So I’m putting this out there: I’m a man who is never satisfied.

Not in a rude way you understand but whenever I leave the movies I never have that ‘fully full’ of cinematic happiness feeling I used to when I was younger.

Why is this? What’s gone wrong? Is it me that has the problem or is the whole damn filmic world letting me down? Apart from the passage of 20 odd years.

A case in point is Stacey Passon’s recently released Concussion (2013), a film I had massively high hopes for during a recent cinema trip, a mainstream, erotic drama about lesbian characters, written and directed by lesbian film-makers.

From the description of the film on the Odeon’s website is sounded provocative and boundary-pushing, the story of a middle-class lesbian woman who becomes a high-class prostitute for wealthy New York women after she gets a whack on the head.

I have reviewed the finished product here and not in a positive light.

But whose fault is that?

Is it me, my personality and tastes?

Or is it down to the marketing people behind the film’s publicity and the cinema’s own PR machine?

Reading the online blurb and letting my mind get carried away shows that perhaps it was my mistake. I read more into a film based on a brief description and imprinted this on my perception of what another different and individual human being created and put on the big screen.

I was ‘cinematically prejudiced’. I like that phrase; must trademark it and use it in an academic paper at some point.

Stacey Passon never made my movie she made her own and, full credit to her, she has put her work into mainstream cinemas when this would have been a more complicated operation a generation ago.

Since then, a plethora of ‘New Queer Cinema’ (as B. Ruby Rich would call it) has pummelled movie audiences of all persuasions helping, with a shift in political and social changes, to change our attitudes toward representations of gays and lesbians in cinema.

So, society’s expectations on movies are broader than my own narrow view. I am stuck in the past.

No one else watching the film was surprised by what is, essentially, a standard and well crafted relationship-in-crisis drama. But I still wanted to be shocked by the scandalous, enraged by such subject matter, to have my blood boil and heart race at the events being depicted.

I felt the sex scenes were stilted and passionless, but maybe they were also normal, healthy sexual relations. A gay man upset about the lack of raunch in a lesbian film? How incredible!

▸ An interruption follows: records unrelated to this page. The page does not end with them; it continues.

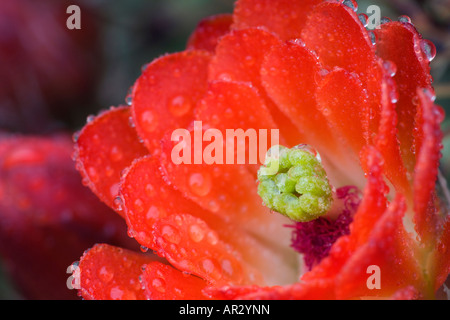 Claret Cup Kaktus (Echinocereus Triglochidiatus), Carlsbad Caverns National Park, New Mexico, Vereinigte Staaten Stockfoto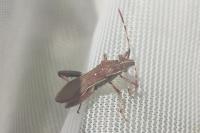 Camptopus lateralis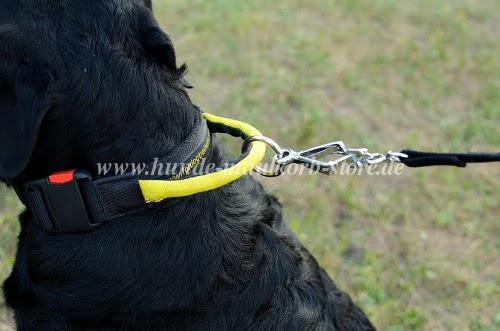 Rottweler Hundehalsband Nylon bequem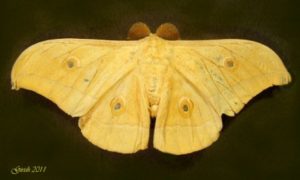 Different Types Of Silk And Silkworms In India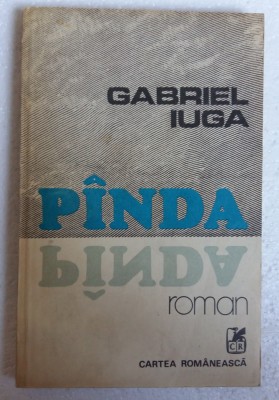 (C481) GABRIEL IUGA - PANDA foto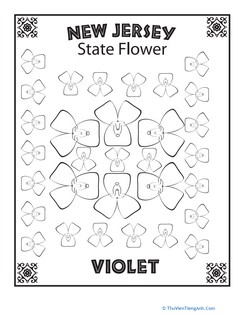 New Jersey State Flower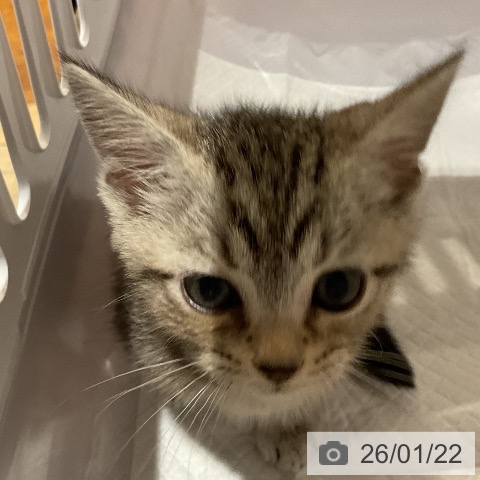 福岡県のアメリカンショートヘアー (ペットプラス 八幡東店/2025年11月21日生まれ/男の子/シルバータビー)の子猫の4枚目の画像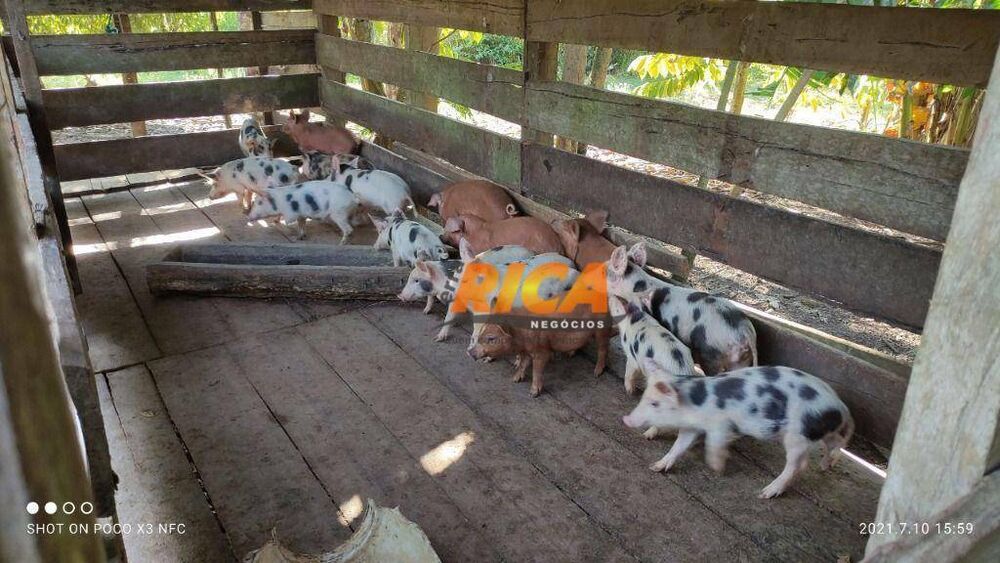 Fazenda, 96 hectares - Foto 4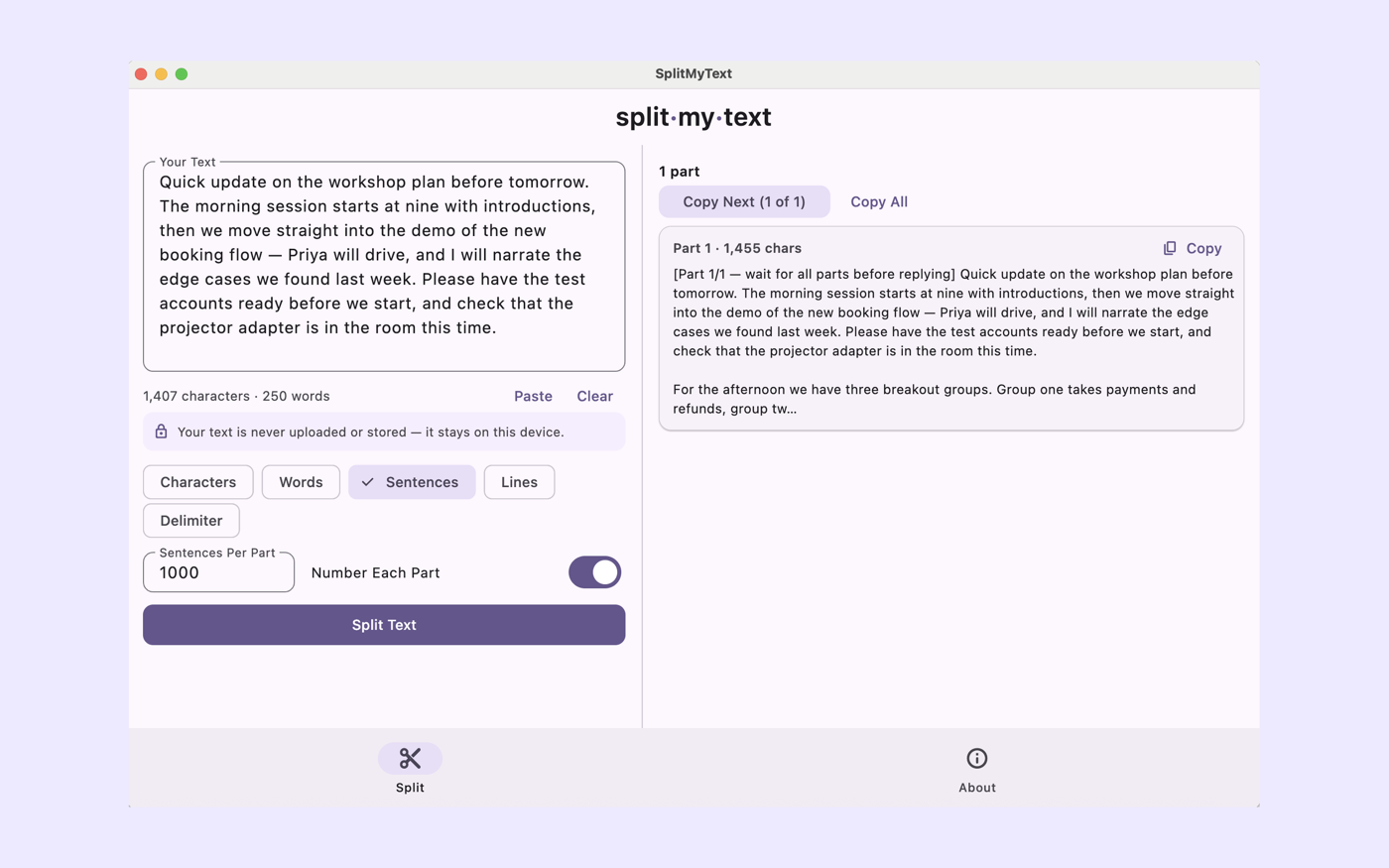 SplitMyText on macOS with the input and results side by side in a desktop window.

So what’s the solution, how do I manage this longing for perpetual cinematic excellence?

Here it is: until the day arrives when film-makers around the world are able to intuitively produce movies that are exactly in accordance with what I and I alone specifically want to see, and until I pluck up the courage to become the brilliant and equally intuitive film-maker I know I am in my head, I will walk up to any cinema box-office in the world and anticipate that the film I am about to subject my senses to will be the worst and most miserable artistic effort ever created for the silver screen.

So then I will be content? Maybe, but very probably not.